Secrets Of Worry Dolls by Amy Impellizzeri – 312 pages
According to Mayan tradition, if you whisper your troubles to the Worry Dolls, they will do the worrying instead of you–therefore, it follows that Worry Dolls are the keepers of a great many secrets . . .
On the eve of the end of the world–according to the Mayan calendar–Mari Guarez Roselli’s secrets are being unraveled by her daughter, Lu.
Lu’s worry dolls are at-capacity as she tries to outrun the ghosts from her past–including loved ones stolen on 9/11–by traveling through her mother’s homeland of Guatemala, to discover the painful reasons behind her own dysfunctional childhood, and why she must trust in the magic of the legend.
My Review: 4 stars
Secrets of Worry Dolls was a purchase I made on the title alone. I love the traditions surrounding worry dolls and I was curious to see how this would play out within the pages of the book.

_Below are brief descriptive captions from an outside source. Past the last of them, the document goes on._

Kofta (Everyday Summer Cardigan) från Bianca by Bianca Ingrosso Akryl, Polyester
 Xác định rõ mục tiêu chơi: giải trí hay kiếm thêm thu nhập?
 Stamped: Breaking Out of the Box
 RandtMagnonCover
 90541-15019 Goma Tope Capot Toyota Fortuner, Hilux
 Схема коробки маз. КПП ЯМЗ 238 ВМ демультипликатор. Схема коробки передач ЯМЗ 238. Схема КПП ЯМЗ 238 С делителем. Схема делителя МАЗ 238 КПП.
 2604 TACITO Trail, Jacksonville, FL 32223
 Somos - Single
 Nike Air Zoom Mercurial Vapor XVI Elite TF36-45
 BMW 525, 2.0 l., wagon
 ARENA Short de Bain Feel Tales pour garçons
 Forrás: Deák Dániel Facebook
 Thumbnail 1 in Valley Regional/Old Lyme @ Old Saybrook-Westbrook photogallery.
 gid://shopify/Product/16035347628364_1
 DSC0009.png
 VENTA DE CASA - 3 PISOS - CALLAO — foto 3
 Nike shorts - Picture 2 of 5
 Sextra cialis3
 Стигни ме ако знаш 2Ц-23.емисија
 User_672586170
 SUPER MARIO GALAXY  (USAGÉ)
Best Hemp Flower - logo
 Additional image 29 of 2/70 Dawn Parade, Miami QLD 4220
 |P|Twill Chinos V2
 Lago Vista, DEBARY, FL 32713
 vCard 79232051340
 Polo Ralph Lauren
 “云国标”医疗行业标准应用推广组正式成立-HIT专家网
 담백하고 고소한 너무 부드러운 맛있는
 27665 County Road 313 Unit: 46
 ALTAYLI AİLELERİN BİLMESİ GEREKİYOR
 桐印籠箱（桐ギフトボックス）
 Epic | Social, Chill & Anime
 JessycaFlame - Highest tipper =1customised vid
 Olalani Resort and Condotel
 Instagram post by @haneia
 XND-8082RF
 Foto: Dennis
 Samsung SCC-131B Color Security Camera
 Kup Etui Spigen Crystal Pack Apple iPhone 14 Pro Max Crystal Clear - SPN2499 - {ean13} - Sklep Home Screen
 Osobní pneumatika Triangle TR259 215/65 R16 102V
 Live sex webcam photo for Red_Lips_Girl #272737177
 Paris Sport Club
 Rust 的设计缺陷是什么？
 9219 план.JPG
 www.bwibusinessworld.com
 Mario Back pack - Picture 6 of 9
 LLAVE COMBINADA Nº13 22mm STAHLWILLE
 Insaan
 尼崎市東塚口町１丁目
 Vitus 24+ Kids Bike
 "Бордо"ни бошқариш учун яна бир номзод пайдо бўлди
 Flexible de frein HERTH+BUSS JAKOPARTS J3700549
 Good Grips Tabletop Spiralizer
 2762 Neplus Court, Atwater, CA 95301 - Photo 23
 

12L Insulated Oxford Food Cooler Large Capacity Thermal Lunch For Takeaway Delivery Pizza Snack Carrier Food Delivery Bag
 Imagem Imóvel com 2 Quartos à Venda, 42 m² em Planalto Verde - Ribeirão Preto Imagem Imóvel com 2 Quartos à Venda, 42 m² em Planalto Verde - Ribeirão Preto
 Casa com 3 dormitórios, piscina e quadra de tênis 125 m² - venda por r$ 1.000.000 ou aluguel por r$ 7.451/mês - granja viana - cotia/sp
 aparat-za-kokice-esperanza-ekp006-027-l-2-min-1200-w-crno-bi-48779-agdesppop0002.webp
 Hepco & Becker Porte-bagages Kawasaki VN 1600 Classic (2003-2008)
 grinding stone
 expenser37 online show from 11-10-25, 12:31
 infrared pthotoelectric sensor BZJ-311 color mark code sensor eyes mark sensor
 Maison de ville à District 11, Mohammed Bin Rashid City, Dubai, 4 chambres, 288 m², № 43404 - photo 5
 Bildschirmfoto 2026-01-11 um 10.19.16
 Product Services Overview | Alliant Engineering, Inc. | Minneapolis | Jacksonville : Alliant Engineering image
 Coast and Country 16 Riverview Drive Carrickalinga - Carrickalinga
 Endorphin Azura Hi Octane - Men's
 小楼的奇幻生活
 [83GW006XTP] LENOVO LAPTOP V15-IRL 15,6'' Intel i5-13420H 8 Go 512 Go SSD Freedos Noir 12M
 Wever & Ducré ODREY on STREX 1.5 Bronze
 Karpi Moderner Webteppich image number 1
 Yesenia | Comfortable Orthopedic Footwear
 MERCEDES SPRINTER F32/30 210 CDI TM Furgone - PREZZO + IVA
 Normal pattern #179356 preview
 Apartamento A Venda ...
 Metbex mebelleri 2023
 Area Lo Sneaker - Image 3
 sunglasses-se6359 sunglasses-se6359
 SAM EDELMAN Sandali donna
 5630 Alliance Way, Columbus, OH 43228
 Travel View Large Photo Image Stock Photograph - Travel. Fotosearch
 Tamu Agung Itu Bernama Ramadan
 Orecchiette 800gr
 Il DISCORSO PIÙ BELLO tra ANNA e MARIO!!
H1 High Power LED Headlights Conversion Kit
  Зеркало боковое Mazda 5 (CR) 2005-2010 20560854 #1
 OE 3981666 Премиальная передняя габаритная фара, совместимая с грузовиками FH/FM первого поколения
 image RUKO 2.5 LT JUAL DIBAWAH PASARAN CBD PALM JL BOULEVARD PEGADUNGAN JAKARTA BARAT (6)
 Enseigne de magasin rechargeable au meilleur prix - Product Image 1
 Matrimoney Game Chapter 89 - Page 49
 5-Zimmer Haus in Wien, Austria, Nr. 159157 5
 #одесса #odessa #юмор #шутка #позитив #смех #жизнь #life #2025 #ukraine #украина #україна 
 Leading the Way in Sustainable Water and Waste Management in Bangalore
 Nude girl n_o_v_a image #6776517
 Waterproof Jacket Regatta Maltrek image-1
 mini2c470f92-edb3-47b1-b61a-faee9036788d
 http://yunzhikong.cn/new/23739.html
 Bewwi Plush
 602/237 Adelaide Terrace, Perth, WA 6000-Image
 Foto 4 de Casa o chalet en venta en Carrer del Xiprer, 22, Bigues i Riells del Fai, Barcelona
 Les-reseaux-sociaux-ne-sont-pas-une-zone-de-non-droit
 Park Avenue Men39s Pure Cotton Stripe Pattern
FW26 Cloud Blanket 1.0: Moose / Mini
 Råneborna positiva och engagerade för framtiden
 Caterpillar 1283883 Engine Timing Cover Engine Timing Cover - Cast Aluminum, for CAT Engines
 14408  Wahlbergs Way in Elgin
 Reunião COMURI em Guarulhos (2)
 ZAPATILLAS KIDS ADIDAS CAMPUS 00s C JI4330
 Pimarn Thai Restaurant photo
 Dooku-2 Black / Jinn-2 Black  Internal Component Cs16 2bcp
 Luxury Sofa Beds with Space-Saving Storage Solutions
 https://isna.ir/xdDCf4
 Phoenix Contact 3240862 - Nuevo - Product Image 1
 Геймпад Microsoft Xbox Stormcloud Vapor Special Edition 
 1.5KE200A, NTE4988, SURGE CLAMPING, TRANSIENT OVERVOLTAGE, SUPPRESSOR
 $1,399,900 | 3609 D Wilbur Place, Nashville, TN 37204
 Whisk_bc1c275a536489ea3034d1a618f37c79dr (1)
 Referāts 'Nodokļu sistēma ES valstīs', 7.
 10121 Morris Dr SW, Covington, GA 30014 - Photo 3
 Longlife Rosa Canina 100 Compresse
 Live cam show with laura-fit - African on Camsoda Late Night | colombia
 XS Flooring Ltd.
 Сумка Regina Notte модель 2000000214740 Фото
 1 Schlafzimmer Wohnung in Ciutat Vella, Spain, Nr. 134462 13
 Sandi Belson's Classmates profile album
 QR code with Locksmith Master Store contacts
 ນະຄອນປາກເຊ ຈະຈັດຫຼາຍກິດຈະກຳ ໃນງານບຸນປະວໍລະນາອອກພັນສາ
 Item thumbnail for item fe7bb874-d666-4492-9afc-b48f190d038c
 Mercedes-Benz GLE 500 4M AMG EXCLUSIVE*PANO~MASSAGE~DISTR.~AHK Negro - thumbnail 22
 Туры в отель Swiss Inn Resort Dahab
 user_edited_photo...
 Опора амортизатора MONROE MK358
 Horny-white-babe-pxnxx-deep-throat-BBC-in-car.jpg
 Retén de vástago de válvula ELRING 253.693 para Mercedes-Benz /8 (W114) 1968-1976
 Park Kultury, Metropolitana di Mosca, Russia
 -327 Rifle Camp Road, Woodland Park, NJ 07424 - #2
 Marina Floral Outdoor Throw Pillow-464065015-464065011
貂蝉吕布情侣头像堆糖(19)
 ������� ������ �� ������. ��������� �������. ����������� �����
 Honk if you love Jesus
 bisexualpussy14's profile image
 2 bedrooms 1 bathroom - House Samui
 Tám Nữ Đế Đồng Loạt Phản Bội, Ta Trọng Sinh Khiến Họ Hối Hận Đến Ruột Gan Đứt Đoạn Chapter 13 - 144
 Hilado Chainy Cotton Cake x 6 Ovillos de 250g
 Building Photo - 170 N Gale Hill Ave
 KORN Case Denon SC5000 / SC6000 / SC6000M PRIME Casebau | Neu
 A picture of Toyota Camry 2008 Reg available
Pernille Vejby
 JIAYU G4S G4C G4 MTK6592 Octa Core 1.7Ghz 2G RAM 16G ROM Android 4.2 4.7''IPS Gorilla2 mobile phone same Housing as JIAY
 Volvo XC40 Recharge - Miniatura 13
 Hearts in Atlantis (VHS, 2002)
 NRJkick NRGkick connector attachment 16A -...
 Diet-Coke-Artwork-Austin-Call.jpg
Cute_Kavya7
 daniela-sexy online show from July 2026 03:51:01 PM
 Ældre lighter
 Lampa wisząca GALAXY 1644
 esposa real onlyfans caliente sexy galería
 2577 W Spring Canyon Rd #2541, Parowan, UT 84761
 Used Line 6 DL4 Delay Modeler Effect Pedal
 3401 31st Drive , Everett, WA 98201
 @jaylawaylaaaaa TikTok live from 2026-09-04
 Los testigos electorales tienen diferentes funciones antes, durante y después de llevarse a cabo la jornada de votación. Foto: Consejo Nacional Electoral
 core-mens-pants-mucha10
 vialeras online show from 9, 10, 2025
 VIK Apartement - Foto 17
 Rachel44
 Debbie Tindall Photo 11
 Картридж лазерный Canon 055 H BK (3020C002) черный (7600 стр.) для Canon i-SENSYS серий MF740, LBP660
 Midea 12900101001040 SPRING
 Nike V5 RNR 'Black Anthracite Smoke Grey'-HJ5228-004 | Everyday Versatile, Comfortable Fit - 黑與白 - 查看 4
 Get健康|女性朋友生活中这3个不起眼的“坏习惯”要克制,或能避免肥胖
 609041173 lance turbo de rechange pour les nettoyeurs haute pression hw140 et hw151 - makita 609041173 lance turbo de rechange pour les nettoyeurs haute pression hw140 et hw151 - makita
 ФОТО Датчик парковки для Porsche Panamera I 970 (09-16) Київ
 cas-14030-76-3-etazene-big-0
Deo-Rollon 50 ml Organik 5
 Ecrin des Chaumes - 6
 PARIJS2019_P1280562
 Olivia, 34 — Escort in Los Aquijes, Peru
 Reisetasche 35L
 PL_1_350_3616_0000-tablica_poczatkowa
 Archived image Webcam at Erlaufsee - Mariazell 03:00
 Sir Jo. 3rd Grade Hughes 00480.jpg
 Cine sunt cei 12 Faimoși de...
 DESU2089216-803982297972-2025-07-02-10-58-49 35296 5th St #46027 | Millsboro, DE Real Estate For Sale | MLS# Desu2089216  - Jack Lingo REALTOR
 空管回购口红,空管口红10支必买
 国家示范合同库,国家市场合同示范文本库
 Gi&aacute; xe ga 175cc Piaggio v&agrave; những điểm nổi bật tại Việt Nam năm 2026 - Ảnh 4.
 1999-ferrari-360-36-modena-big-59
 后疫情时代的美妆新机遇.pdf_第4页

I once bought Worry Dolls for my kids on a vacation in Mexico and told them that instead of worrying about school, friend drama or tryouts, they should tell the dolls and it would help take their worry away. Who knows if it worked, but I liked the idea of it.
This book took me by surprise as it dealt with more than the average worries. The town of Belle Harbor (Rock Harbor in the book) suffered tremendous losses from 9/11 as a significant amount of firefighters reside there. They were then hit just two months later by an American Airlines plane crash that killed not just the passengers on board, but also five from this neighborhood with horrific damage and devastation throughout the town.
Impellizzeri takes on both of these sensitive scenarios with tenderness and honesty. Not only did she live in Belle Harbor in 2001, but her home, became the command center for the response teams, as replicated in the book. With her background, I get why she was able paint this story with such emotion. Survivor’s guilt, love and tension were all quite palpable.
Additionally, there is the beautiful story line of the mother and daughter trying to connect. Both damaged for different reasons, they each have a journey to take to let the past unravel itself so that it can make sense in the present. Told in two POVs of mother and daughter, one of them goes to Guatemala to learn the stories of the past, while the other recounts her story along with the Guatemalan civil war in her mind.
I very much look forward to see what this author has in store in the future. This is her second novel and she’s coming out with something new in late 2017.
Quotes I liked:
I felt grateful and relieved and hopeful and confused and sad. Which is kind of the story of my life.”
-“It’s not nature, it’s nurture. No one is born as they will be. It’s those first memories that shape you as you grow.”
-“I spend my time living. Not surviving. And I don’t help everyone. Just people who happen to need me at a time I can help them.”
-“We never really had a chance – my mother and I. It wasn’t my fault. It wasn’t hers either… Losing her isn’t the hard part. The hard part is knowing now why, and not being able to tell her I forgive her.”
-“The days are long but the years go fast.”